The cable and media company said Thursday that it is dropping its bid, instead focusing on its pursuit of the European pay-TV operator Sky. Fox owns 39 percent of Sky and has also been trying to buy the 61 percent it doesn't own.
Comcast had been fiercely duelling with Disney for Twenty-First Century Fox assets, but on Thursday said that it would not raise its $66 billion US offer for the company.
The withdrawal leaves the path open for The Walt Disney Co. to buy the Twenty-First Century Fox assets with its latest offer of $71 billion US. The Department of Justice has okayed Disney's bid as long as it sells 22 regional sports networks. Fox shareholders are set to vote on Disney's offer July 27.
"This was the final chapter in this soap opera," said GBH Insights analyst Daniel Ives. "Now the laser focus for (Comcast CEO Brian( Roberts and Comcast is the battle royale for Sky assets to build a strong beachhead content strategy in Europe."
Last week Comcast boosted its offer for European pay TV service Sky to $34 billion US. Sky operates in Austria, Germany, Ireland and Italy as well as the U.K. It has 22.5 million customers, attracted by offerings such as English Premier League soccer and "Game of Thrones."
Fox has made a $32.5 billion US offer for the portion of Sky it doesn't own, but Disney said in an SEC filing on Friday that it might not raise its bid to compete with Comcast's offer.
"Twenty-First Century Fox may elect not to increase the price offered by it in the Sky acquisition and any increase in the debt financing for the Sky acquisition would require Disney's consent, which Disney may elect not to provide," Disney said in the filing.

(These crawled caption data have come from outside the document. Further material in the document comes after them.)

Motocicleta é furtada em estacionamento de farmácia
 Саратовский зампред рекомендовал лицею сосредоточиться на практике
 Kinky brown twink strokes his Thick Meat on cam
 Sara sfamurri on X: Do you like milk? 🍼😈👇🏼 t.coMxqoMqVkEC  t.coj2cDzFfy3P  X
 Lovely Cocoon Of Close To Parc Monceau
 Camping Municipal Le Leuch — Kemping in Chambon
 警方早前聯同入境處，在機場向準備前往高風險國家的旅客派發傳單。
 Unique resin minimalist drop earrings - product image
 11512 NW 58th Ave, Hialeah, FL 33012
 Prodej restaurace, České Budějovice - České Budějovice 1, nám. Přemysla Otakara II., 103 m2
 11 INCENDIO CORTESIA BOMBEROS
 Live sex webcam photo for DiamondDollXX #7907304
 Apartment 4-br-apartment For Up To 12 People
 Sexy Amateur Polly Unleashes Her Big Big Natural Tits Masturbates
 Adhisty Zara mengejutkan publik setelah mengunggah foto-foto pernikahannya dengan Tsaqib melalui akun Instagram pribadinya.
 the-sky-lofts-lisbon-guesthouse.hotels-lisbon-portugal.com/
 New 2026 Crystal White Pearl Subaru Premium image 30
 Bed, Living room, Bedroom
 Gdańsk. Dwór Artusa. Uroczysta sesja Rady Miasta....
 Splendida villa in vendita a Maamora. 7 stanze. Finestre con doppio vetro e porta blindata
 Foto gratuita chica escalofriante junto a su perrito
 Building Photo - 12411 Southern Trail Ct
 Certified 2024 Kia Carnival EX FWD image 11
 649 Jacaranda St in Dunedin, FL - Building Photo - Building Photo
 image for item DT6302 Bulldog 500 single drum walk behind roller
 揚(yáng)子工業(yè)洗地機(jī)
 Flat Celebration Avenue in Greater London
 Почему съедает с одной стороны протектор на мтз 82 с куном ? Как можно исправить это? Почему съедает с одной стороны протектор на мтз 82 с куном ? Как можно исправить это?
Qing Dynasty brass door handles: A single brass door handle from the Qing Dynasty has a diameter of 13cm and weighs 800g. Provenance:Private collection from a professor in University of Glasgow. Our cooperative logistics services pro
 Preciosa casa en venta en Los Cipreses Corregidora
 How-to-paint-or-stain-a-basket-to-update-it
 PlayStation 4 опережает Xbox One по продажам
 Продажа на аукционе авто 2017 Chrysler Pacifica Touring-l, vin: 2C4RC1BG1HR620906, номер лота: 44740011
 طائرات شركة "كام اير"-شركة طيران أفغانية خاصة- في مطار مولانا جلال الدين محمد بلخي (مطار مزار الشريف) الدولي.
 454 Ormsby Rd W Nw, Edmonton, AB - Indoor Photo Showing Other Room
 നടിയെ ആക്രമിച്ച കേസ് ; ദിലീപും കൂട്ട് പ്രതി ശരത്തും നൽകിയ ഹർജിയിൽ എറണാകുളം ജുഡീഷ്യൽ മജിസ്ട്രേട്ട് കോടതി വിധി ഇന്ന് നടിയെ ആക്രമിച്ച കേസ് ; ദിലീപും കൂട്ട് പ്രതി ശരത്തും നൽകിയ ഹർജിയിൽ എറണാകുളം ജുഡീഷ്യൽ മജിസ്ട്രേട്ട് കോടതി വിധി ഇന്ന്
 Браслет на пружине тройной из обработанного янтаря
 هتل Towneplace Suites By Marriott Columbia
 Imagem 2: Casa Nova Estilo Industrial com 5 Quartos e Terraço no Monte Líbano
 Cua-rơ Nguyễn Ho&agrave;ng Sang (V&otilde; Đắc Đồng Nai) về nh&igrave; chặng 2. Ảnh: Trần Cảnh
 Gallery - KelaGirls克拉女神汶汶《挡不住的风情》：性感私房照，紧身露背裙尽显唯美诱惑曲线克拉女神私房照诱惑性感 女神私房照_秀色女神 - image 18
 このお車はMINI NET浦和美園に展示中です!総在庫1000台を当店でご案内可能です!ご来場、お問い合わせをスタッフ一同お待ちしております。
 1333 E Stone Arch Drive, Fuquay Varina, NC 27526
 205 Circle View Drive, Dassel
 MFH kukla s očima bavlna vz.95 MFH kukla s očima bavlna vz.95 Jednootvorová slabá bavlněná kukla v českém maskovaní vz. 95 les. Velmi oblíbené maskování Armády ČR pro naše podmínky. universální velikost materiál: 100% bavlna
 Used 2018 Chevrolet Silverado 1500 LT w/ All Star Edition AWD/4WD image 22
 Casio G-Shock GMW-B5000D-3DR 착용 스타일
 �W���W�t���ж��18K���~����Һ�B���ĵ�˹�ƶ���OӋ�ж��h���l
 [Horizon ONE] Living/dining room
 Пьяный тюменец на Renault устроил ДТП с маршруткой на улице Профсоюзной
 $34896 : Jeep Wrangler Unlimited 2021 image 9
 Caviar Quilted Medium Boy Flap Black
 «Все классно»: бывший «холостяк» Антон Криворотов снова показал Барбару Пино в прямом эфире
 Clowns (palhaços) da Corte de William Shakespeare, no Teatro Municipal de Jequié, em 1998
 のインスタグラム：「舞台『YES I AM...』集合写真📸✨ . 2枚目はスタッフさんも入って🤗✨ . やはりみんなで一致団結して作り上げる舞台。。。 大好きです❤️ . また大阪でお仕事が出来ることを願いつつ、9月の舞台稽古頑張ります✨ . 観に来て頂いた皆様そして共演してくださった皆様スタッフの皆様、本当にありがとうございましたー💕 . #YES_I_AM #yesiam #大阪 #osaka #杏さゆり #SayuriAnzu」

Comcast Corp. and Fox have been battling for Fox and Sky in order to amass more programming as they compete for viewers with both traditional TV networks and technology companies such as Netflix and Amazon.
Comcast's stock rose more than 2.5 per cent in Thursday premarket trading. Shares of Disney climbed 1.2 percent, while Fox's stock dipped one per cent before the opening bell.